PR #1418 already drops the nodeports -- that's the only change to the service definition (name of each service remains the same: only change to your notes above is to use the servicename:8080 for each URL instead of localhost:nodeport...) In fact, testing-wise it would remain the same even if you happen to have nodeports around, so long as you're using servicename:8080 in the notebook.

planetf1 commented 5 years ago

understanding-cohorts:

As per above comment, the internal names are easier/more appropriate to use, so we now use: corePlatformURL = "http://lab-egeria-core-service:8080" dataLakePlatformURL = "http://lab-egeria-lake-service:8080" devPlatformURL = "http://lab-egeria-dev-service:8080"

planetf1 commented 5 years ago

I need stability in these charts for San Diego & use with other (remote) notebooks for k8s scenario so need to leave the PR on hold for now I think. Only a day prep left.

mandy-chessell commented 5 years ago

All of the OMASs are configured - although some are not available yet - this is deliberate - so that they are configured as soon as they are available.

There should always be an audit trail if some config is in place. Sounds like there is another problem with the environment as the config commands are failing.

Where the servers fail to start because no config is because the config failed - need to work out why

There will be 200 edge platforms - not just one so suggest do not add to base chart.

mandy-chessell commented 5 years ago

In particular, the comment that this exception is caused because the OMASs are not defined is incorrect

Starting server cocoMDS1 ...
POST http://egeriadev.eu-gb.containers.appdomain.cloud:30081/open-metadata/admin-services/users/garygeeke/servers/cocoMDS1/instance
Response: 
{
    "class": "SuccessMessageResponse",
    "relatedHTTPCode": 400,
    "exceptionClassName": "org.odpi.openmetadata.adminservices.ffdc.exception.OMAGConfigurationErrorException",
    "exceptionErrorMessage": "OMAG-ADMIN-400-018 OMAG server cocoMDS1 has been called with a configuration document that has no services configured",
    "exceptionSystemAction": "The requested server provides no function.",
    "exceptionUserAction": "Use the administration services to add configuration for OMAG services to the server's configuration document."
}

This messages occurs if no services are defined - so if the respository services are defined then the server will start.

mandy-chessell commented 5 years ago

FYI - I have updates to the notebooks in my workspace - particularly the asset management ones.

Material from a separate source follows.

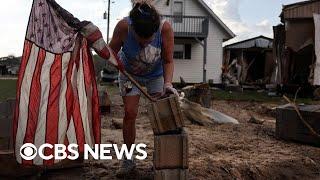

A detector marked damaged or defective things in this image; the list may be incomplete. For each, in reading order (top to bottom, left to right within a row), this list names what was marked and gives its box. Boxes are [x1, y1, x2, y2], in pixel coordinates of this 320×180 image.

damaged building [222, 36, 276, 85]
damaged building [272, 0, 320, 95]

mandy-chessell commented 5 years ago

If the port names and host names are changed, how are they resolved on a local laptop?

cmgrote commented 5 years ago

If the port names and host names are changed, how are they resolved on a local laptop?

If using the same environment orchestration (k8s) on your local laptop, they'd be resolved in the same way. If you want to startup each instance yourself running natively on your laptop, this is where we'd need something like an environment variable that the notebook picks up to set the value for these Python variables (in our Helm chart we can feed in the k8s-specific hostnames; for a local environment outside k8s we could default these to localhost if we do not find any values for the environment variable). This approach will rely on some mechanism for an environment variable to be exposed up into the Jupyter Notebook, though, likely via Python somehow... (Hence needs some deeper investigation.)

It looks like the notebook can pickup any environment variables the container itself was run with (good new for us -- we shouldn't have to maintain our own image): they can be retrieved by using %env to see all of them or %env VARNAME to get the value of just one of them. (So you could use myVarName = %env ENV_VAR_NAME to setup a Python variable, so long as the environment variable actually exists... Not sure how to conditionally check if the env var is defined, tho?)

mandy-chessell commented 5 years ago

I am not sure we are on the same page - the notebooks need to run against server platforms executing outside of kubernetes. Working against kubernetes is an option.

It would be ok to use symbolic names and set up something like /etc/hosts. However, that would mean that the port names for each platform would need to be different so they can run on the same host.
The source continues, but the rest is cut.